▸ **Exercise**
Copy down every line of the data that follows exactly. Omit the pictures.

▸ **Collected material**
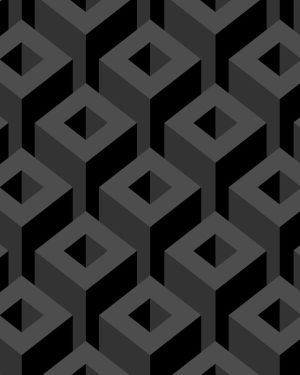 Cube Towers 22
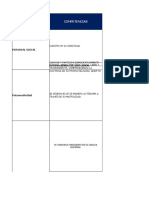 Informe de Progreso - 3 Años - Julio 2021-EaC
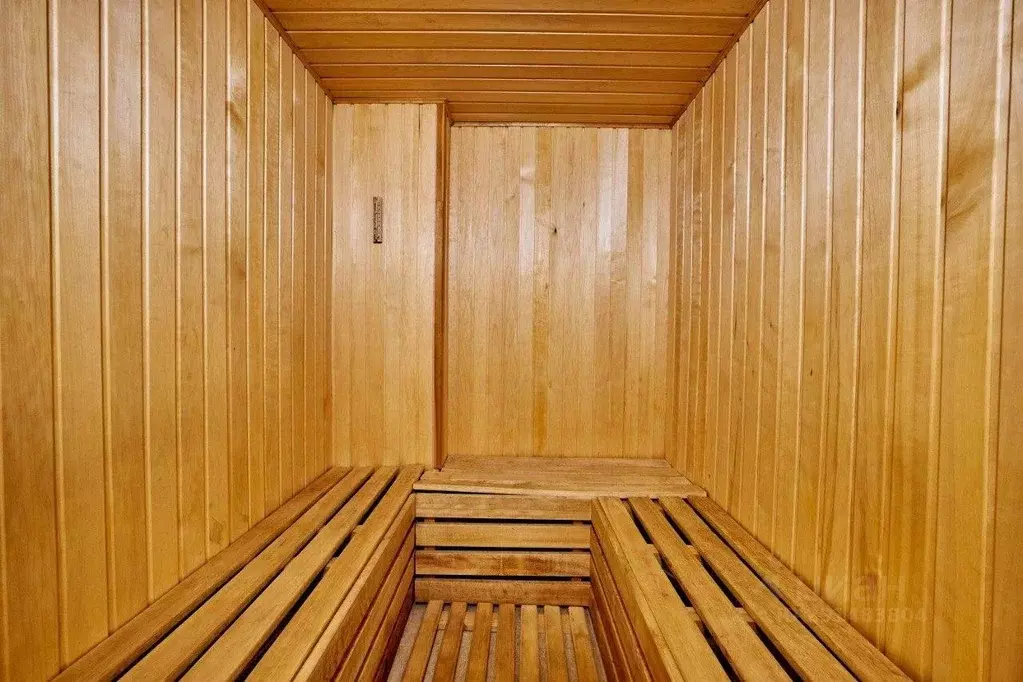 Комната Москва д. Картмазово, ул. Киевская, 4 (58.0 м) - Фото 2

▸ **The answer**
 Cube Towers 22
 Informe de Progreso - 3 Años - Julio 2021-EaC
 Комната Москва д. Картмазово, ул. Киевская, 4 (58.0 м) - Фото 2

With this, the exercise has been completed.